Now for the “fet accomplay” of England v Iceland. TTFN.
Still, you can’t fault a Germany-Italy match. Italy were superb. Spain very much less so. It’s hard to look beyond the winner of their quarter final as the favourites to win the tournament. Mainly because they will.
Chiellini lets out two effects-mic friendly yelps as the innocent-looking Silva treads on him. And there an end. 2-0 Italy.
Italy will be particularly delighted, as Germany never, ever, beat them.
Yeah. But that’s not how it happened. Its TWO-nil for a start.
Similar finish to Pelle’s goal against Belgium. The deflection on Darmian’s cross sets it up nicely, although Pelle could have blown it in from that distance. Buffon’s save from Pique. Pivotal moment. Italy/Germany awaits. Buffon will be particularly delighted.
“55 minutes of back-to-the-wall defending and a 90th minute winner on the break” – ME, 55 MINUTES AGO.
Two-nil!! Pelle volley. Eeeek!
“Gianluigi Buffon, one of the greats,” says Wilson as the right-wing keeper denies Pique. Rubbish shot actually. But Spain are REALLY pressing now. Time’s up. Four minutes stoppo. Minimum.
Darmian’s first touch is his nose to the ground after Fabregas imagines touching him on the edge of the box. I could have phrased that a deal better. Booking for sub Thiago Motta, who misses the quarter-final. He actually whacked Busquets in the face.
“It’s been a fascinating game”, opines Danny Murphy. The five words you absolutely do NOT want to hear at a football match.

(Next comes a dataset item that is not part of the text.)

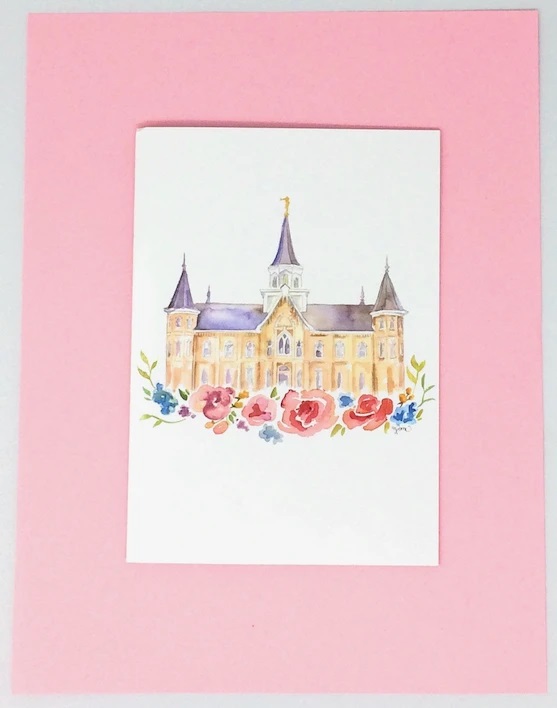 CF - Watercolor - Provo City Center Temple - Print - Watercolor - 5x7 <BR>v{EVeBEZ^[_aʉ@y{݌ɏiz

Pedro eyes Brussels with a shot from 20 yards. Three left.
Matteo Darmian coming on for Italy. The latest indignity to befall Spain.
Florenzi off for Man United’s Darmian. That IS defensive…although some Man Yoo fans may have a different view. De Gea saves a firm Insigne effort, though it would have needed some athleticism to get out of the way. Five left plus stoppo.
Aduriz makes way for Pedro, the second substituted sub in the last 24 hours of this European Championship.
Pedro for Aduriz. The sub is subbed. And limps off, possibly because he IS injured (it would explain a bit) but possibly to hide his embarrassment. Italy replace Eder for Insignificant Insigne. A defensive move, critics (like me) may argue. 83 gone.
Spain have been all over Italy for the last quarter of an hour. However, Italian defending is made of sterner stuff.
“Pedro is going to come on for Spain” says Wilson, the sub-text being “he’s in the Premier League, he must be good.” 11 minutes left.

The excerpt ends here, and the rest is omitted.